As Gormally notes, there is no mention in the report of Walker's own organisation, MI5.
According to the Civil Service Yearbook for 1980, Walker was a member of the Northern Ireland Office Liaison Staff. This was headed by a Deputy Secretary, J Parker, and included 3 assistant secretaries, P Walker, M. McGlashen and H. Magnay.
We know from a number of inquiries that the liaison staff was actually the department of the Director and Co-ordinator of Intelligence (MI5), who was usually drawn from MI5.
David Leigh reported that a John Parker was DCI in the late 1970s. Intelligence writer Stephen Dorril has reported that Harold Magnay was head of MI5's C4 counter-sabotage section in the early 1980s. Maureen MacGlashen was diplomat who served in Tel Aviv, East Berlin, and Brussels before being seconded to the Home Civil Service in 1977.
Patrick Walker himself became head of MI5 in 1988. According to Dorril he had served as a Deputy DCI under David Ranson, who was probably Parker's successor.
The DCI also had representatives at RUC and Army HQ Northern Ireland. We don't know the names of any of the former, although David Eastwood held the analogous role of Security Liaison Officer in 1970. The HQNI post was held by Ian Cameron in the mid-1970s. (By the early 1980s, Cameron was embroiled in the RUC investigation of Kincora, something which created ongoing problems for MI5.)

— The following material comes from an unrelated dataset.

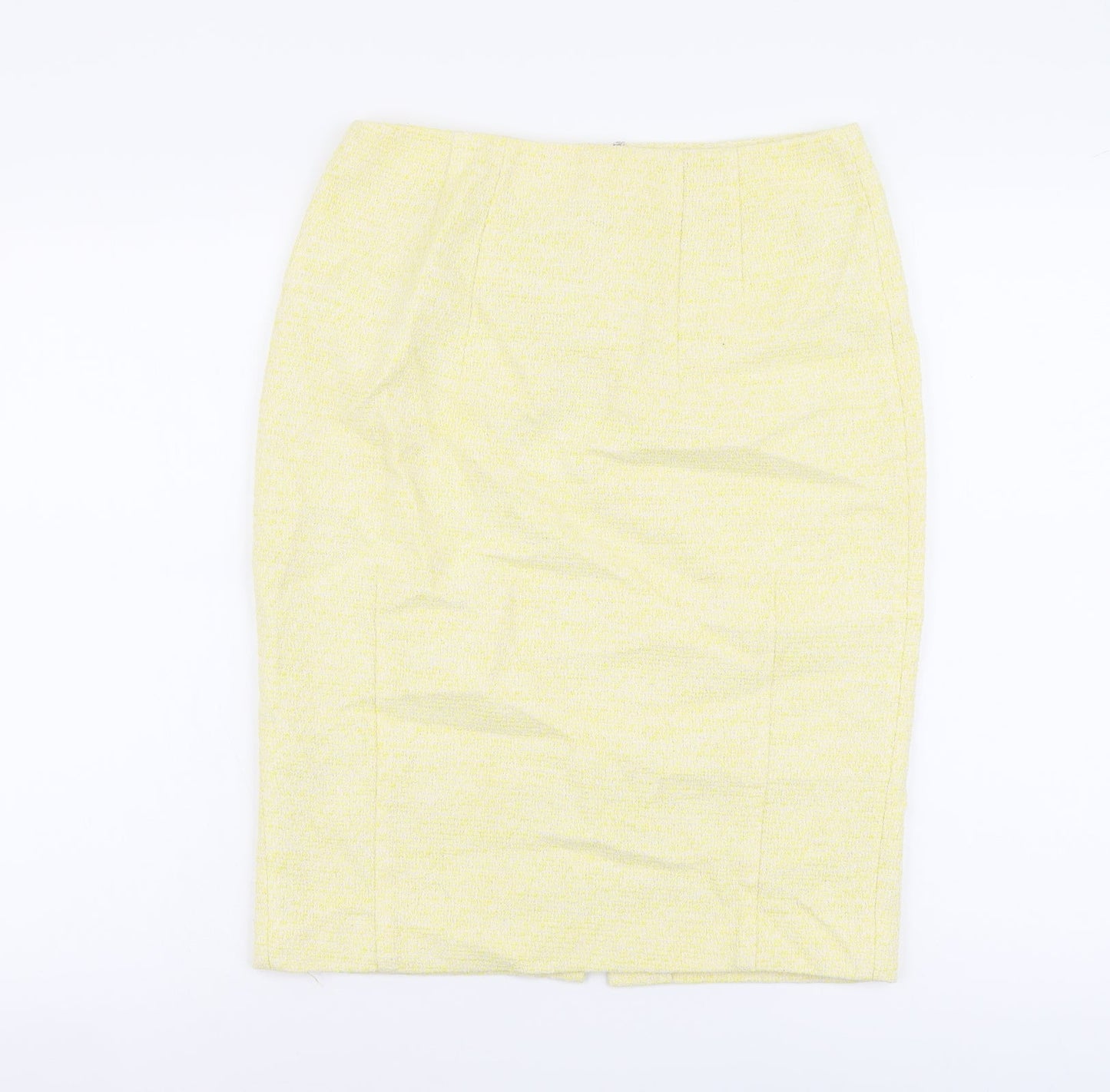 Saba Womens Yellow Cotton Straight & Pencil Skirt Size 10 Zip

The DCI's representative to the RUC must have had a close relationship with Special Branch but this goes unmentioned in the report.
Clues to MI5's role may be buried in the redactions. Some of these labelled 'S1' appear to refer to a similar document compiled some time earlier.

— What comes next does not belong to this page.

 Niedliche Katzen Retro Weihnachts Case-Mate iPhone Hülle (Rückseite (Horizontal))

This could be a reference to the still unreleased Morton Report of 1973. As Phil Miller has noted, this was compiled by the MI5 officer and former Indian policeman Desmond Morton. The career progression from colonial service to MI5 was an extremely common one in this period, aided by MI5's own colonial role and by the retreat of empire. Walker himself had begun his career in Uganda.
The question naturally arises therefore, how far the model that MI5 promoted in the RUC was based on the service's extensive experience of colonial special branches.